Vote sizing institute founder and president Steve Glickman believes the only thing that can save us from collapse is to reform our democratic institutions so that they once again give a real voice to the unrepresented majority.
Says the self-proclaimed anti-expert in his soon to be released book, “We no longer have a democratic society; we have a democratistic society. It looks like democracy and they make it sound like democracy and we all want to believe it’s democracy, but it ain’t democracy.”
While studying philosophy at the University of Victoria BC over 20 years ago, Glickman realized that the fatal flaw in the system was the one-person-one-vote principle.
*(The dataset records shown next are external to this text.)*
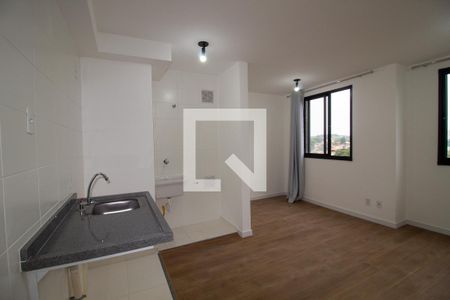 Apartamento para alugar com 33m², 1 quarto e sem vaga Apartamento para alugar com 33m², 1 quarto e sem vagaCozinha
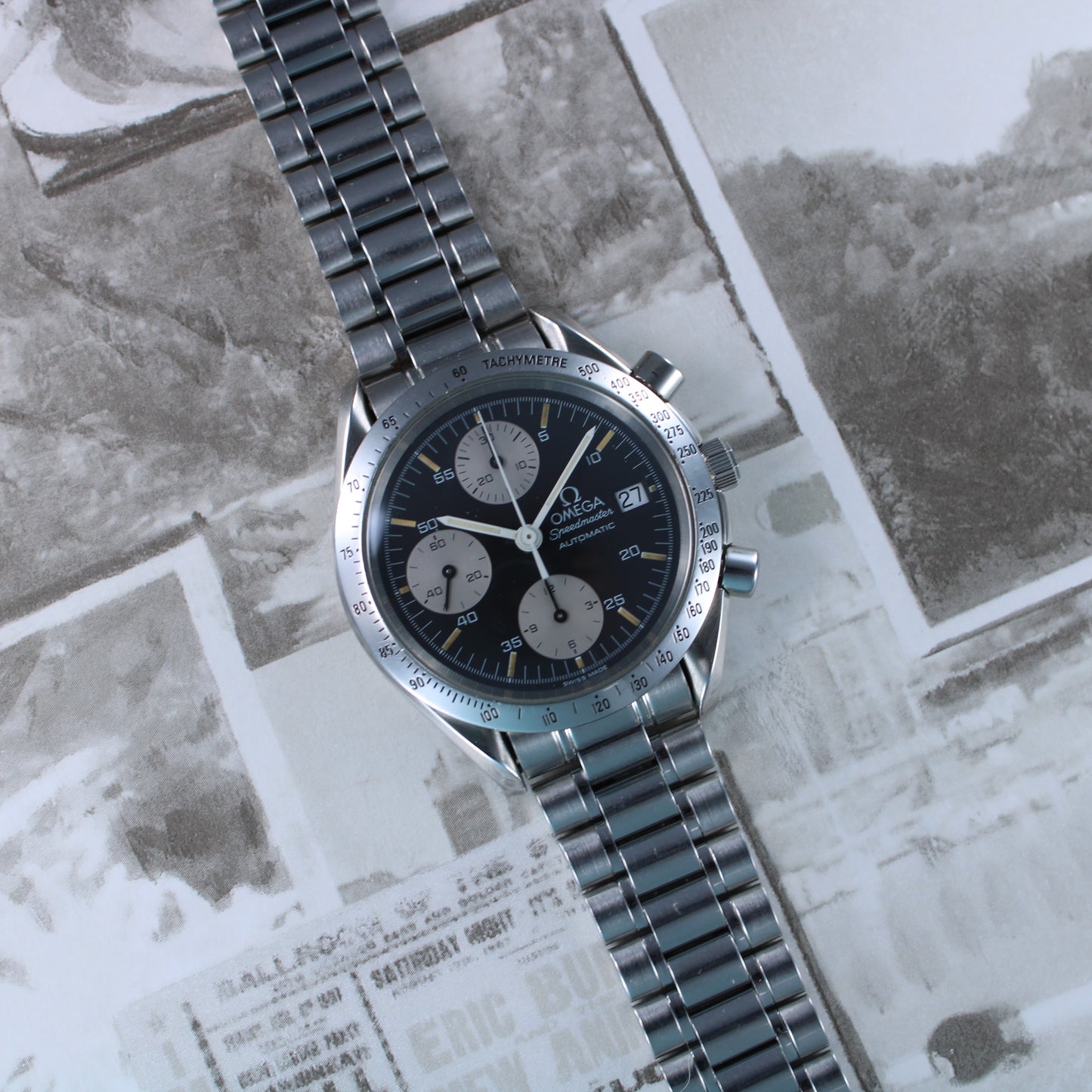 Omega Speedmaster Reverse Panda Chronograph 3511.50 1994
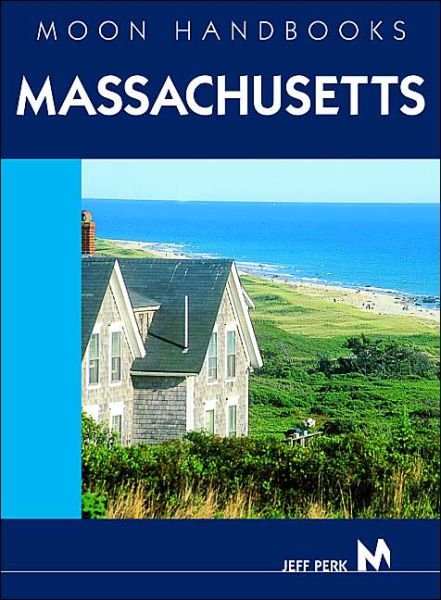 Cover for Avalon Travel · Massachusetts*, Moon Handbooks (Bog) (2001)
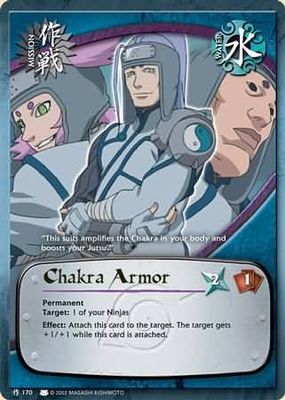 Chakra Armor - M-170 - Common Naruto: Eternal Rivalry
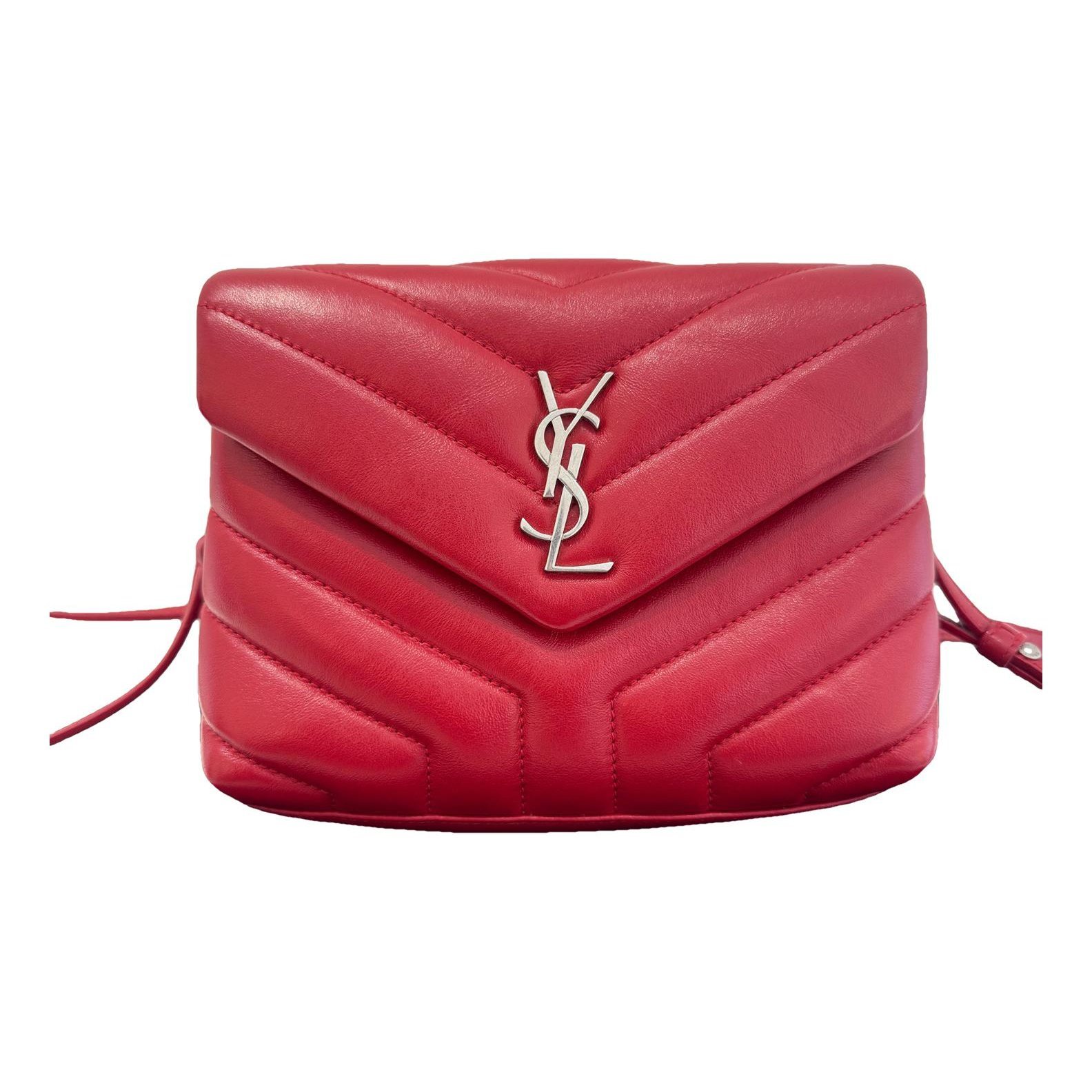 Loulou leather handbag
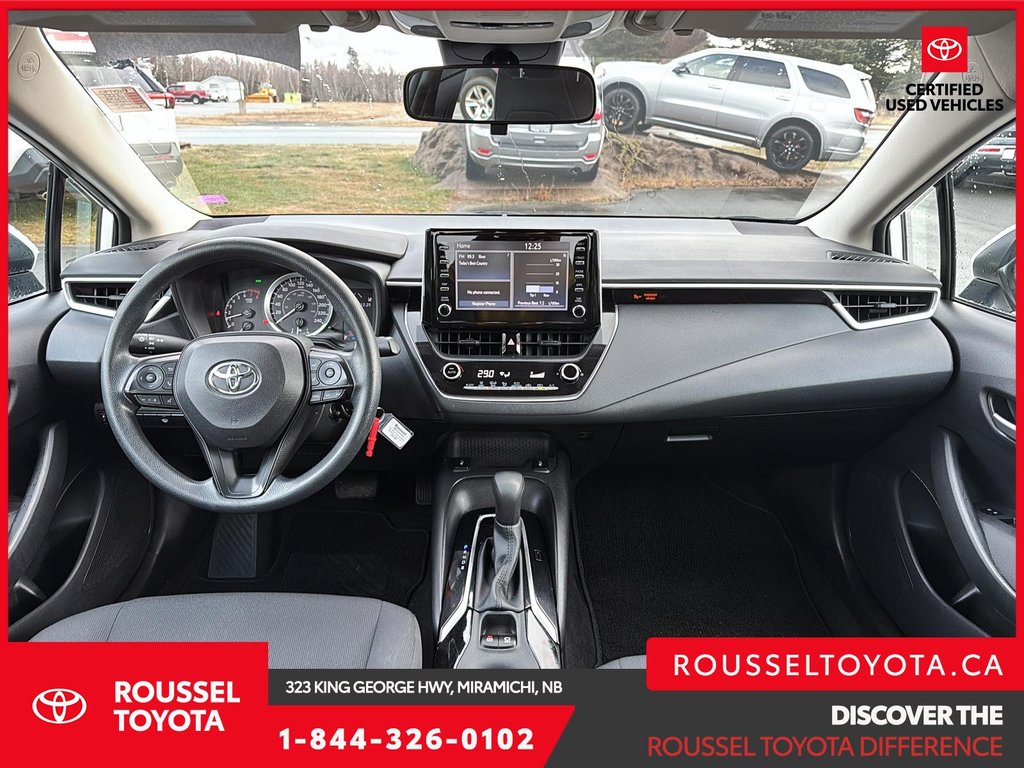 Toyota Corolla LE 2020 à Miramichi, Nouveau-Brunswick - 10 - w1024h768px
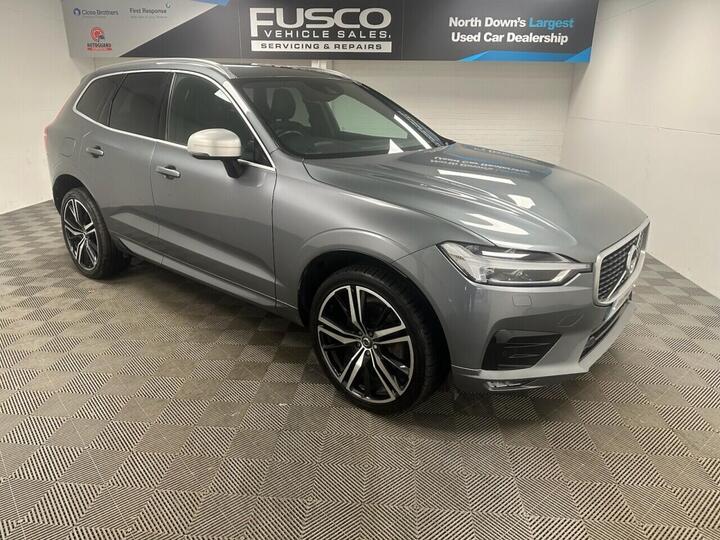 Volvo XC60 2.0 D4 R-Design Pro Auto AWD Euro 6 (s/s) 5dr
This realization brought him to a simple solution, a process he calls “vote sizing” that gives a weighted vote to people who are poorer, working and middle-class.
Rather than attempt to single-handedly evolve the world, Glickman has spent majority of his adult life trying to fit in - hammering a lot of nails, serving food, cleaning pools, checking people in and out, teaching skiing and windsurfing, washing windows, and programming computers.
However, in the winter of 2000, he dropped out and took a four-month trip to Thailand, Malaysia and Indonesia. While talking with the desperate and powerless people there about their lives, fears and dreams, he realized his calling and became a full-time crusader for vote sizing. They broke his heart, and he decided it was time to give back. In this giving back he’s discovered a passion which knows few limits.
Glickman’s influences range from Steve Biko to Kurt Cobain to Howard Stern to Michael Moore. His talent for writing unflinching plays won him the British Columbia Festival of the Arts 2001 Otherwords contest and two scholarships to the Vancouver Film School’s writing program. His feature film screenplay =TAGS= about animal liberators won the semi-finalist award in Fade-In Magazine - The Writers Network 10th Annual Screenplay & Fiction Competition.
Recently, as the shadow of illegal wars, corporate malfeasances and outrageous political scandals looms larger and larger, Glickman’s message has been drawing more interest. He’s been asked to appear on radio shows across the US and Canada. With branches of the party in Canada, Cameroon, and recently in Cartagena, Colombia; Glickman envisions a worldwide movement.